The challenges of overcoming the trauma of war – and the mental health issues that come with that – will be the biggest difference for physicians. Routine screening for mental health problems in refugees actually isn’t recommended, though doctors should remain alert for signs of PTSD. “There is the risk of overdiagnosis, and of triggering traumatic memories and not being trained to handle that,” says Pottie.
Mental health issues stemming from trauma resolve themselves spontaneously in 80% of immigrants and refugees. “The vast majority of people who we see have endured horrific trauma, and most of them don’t have PTSD,” says Rashid. “Those who are suffering from it will give us other clues – often they’ll come with symptoms of anxiety, or sleeplessness.”
Depression, anxiety or PTSD may also reveal themselves months after coming to Canada. “When refugees first come, they’re overwhelmed with meeting their basic needs, and they often have a number of supports,” says Annalee Coakley, a physician at the Mosaic Refugee Clinic. But after that “honeymoon” period, mental health issues begin to present themselves.

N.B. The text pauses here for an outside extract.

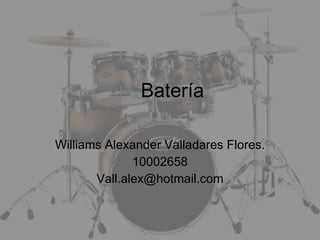 Batería Williams Alexander Valladares Flores. 10002658 [email_address]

Syrian refugees who do have PTSD may be cared for by primary care doctors, referred to psychologists or counselors for group or individual therapy, or given medication. Refugee mental health expert Morton Beiser is a proponent of narrative exposure therapy, and is working on a pilot project called Lending a Hand to Our Future that uses it to help children recover. Pottie is interested in Beiser’s program and trying to bring it to Ottawa as well.
For guidance on all of this, physicians can turn to the 2011 guidelines on treating refugees, and an accompanying evidence-based checklist for adults and children. The checklists are broken down into multiple visits – they’ve been compared to a well-baby program – and cover things like vaccinations, dental pain, even weather-appropriate clothing.

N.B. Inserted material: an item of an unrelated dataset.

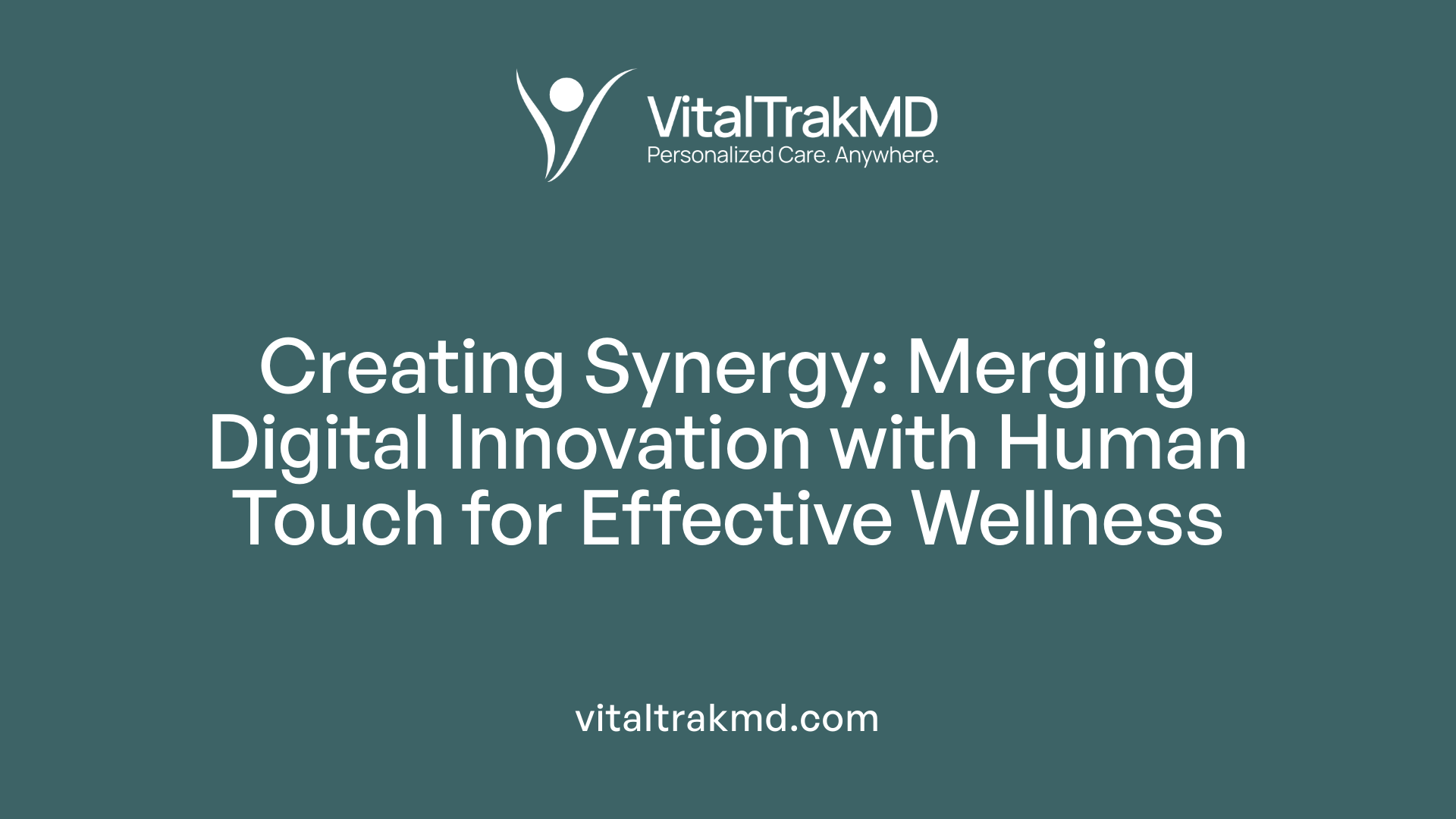 Creating Synergy: Merging Digital Innovation with Human Touch for Effective Wellness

An update to the guidelines that confirms the recommendations are valid for Syrian refugees and provides context will be published next week in the CMAJ. “We talk more about Syria, the ethnic origins, and the war,” says Pottie, who wrote both the last guidelines and the update. “A middle income country has become one of the worst humanitarian disasters in the last 100 years … we want the practitioners to appreciate what that means.”
Treating the whole person
The last time Canada saw such an influx of refugees was when we accepted 60,000 “boat people” after the Vietnam War. Beiser did a 10 year follow up study on those refugees, and says they offer lessons for the Syrians. “Primary health care was no problem,” he says. “Mental health care, not so much. For a lot of refugee communities, mental health needs are overlooked.”
To ensure that doesn’t happen to the Syrians, we need to look at both mental-health issues like PTSD and beyond, into social determinants of health. “For their mental health, it’s not a typical disease model,” says Pottie. “If someone has good housing, their kids are in school, and they have a new job, their mental health is 90% looked after.”
If we do it right, the Syrians have the potential to thrive in Canada. “They’re used to living in cities, they’re literate, their health system isn’t that dissimilar,” says Coakley. “They’re not terribly sick in the medical sense. As long as they’re supported and not isolated, I think they should do very well.”